In fact, both “El Niño” and “global warming” appeared in the official forecast read on Phil’s behalf at 7:28 a.m. yesterday by a spokesman for the Punxsutawney Groundhog Club, an organization loosely affiliated with the Chamber of Commerce of Punxsutawney, Pa., whose usual population of 6,000 swells to around 20,000 for the annual announcement.

“El Niño has caused high winds, heavy snow, ice and freezing temperatures in the West,” the four-legged forecaster began his four-couplet decree. “Here in the East with much mild winter weather we have been blessed.

“Global warming has caused a great debate; this mild winter makes it seem just great,” he continued. “On this Groundhog Day we think of one thing. Will we have winter or will we have spring? On Gobbler’s Knob I see no shadow today. I predict that early spring is on the way.”

Tom Chapin, editor of the local newspaper, The Punxsutawney Spirit, said the Punxsutawney groundhog’s use of such climate-change buzzwords was evidence of the extraordinary powers extant in certain members of the species, noting that “Phil, as far as I know, cannot read.”

In its earliest incarnation, Groundhog Day or something like it was a pagan observance, marking the midpoint between the winter solstice and spring equinox, according to historians.

Burrowing animals like the groundhog were said to have the supernatural ability to foretell an early spring. The observance merged at some point with the Christian holiday of Candlemas, and the tradition embodied in this proverb: “If Candlemas be fair and bright, winter will have another fight. If Candlemas brings cloud and rain, winter won’t come again.”

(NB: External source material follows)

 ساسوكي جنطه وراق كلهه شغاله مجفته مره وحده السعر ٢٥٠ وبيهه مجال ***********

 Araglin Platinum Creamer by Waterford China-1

Mike Halpert, chief forecaster for the Climate Prediction Center of the National Oceanic and Atmospheric Administration, said that groundhog prognostication — while never used by the government, and “never very good” — was likely to remain for the foreseeable future as good as the average citizen’s guesswork, regardless of climate changes predicted in the United Nations panel’s report. “Just because we have global warming doesn’t mean that winter won’t still occur, and that there won’t still be variations in its duration,” Mr. Halpert noted.

New York-area groundhogs known as Malverne Mel and Holtsville Hal, both searching for their shadows on Long Island, attesting perhaps to the unreliability of marmot, house cat or other forms of inspirational climatology, issued split predictions. Mel foresaw an early spring, and Hal a long winter.

But Roberta Dinsmore, the librarian at Punxsutawney Memorial Library, where Punxsutawney Phil lives on the other side of a picture window on the ground floor (his burrow, complete with underground stream, was built in a mound of dirt there) said her town’s groundhog should never be compared to others.

“Oh, you know, he’s been very good,” Mrs. Dinsmore said in a telephone interview. “He will never be obsolete.” She had heard about the United Nations panel’s report, and called it “very important,” but said it would in no way make Phil moot.

“He has been right so often,” she said. “Anyway, I am pretty sure of that. You can check for yourself.”

The groundhog club claims that since 1886, Phil — there have been several — has seen his shadow 96 times, has not seen it 15 times and there are no records for nine years. Whether he has been “right” depends on when spring began in each of those years, a subjective question; but in this age of warming, he has seen his shadow — foretelling a longer winter — each of the past six years, until yesterday.

Mrs. Dinsmore was asked to describe Phil’s personality.

“Well, he loves bananas,” she said. “He lives with two little cousins. He’s very social. He’s quite fat.

“He was on ‘Oprah,’ you know,” she added. “He liked that very much.”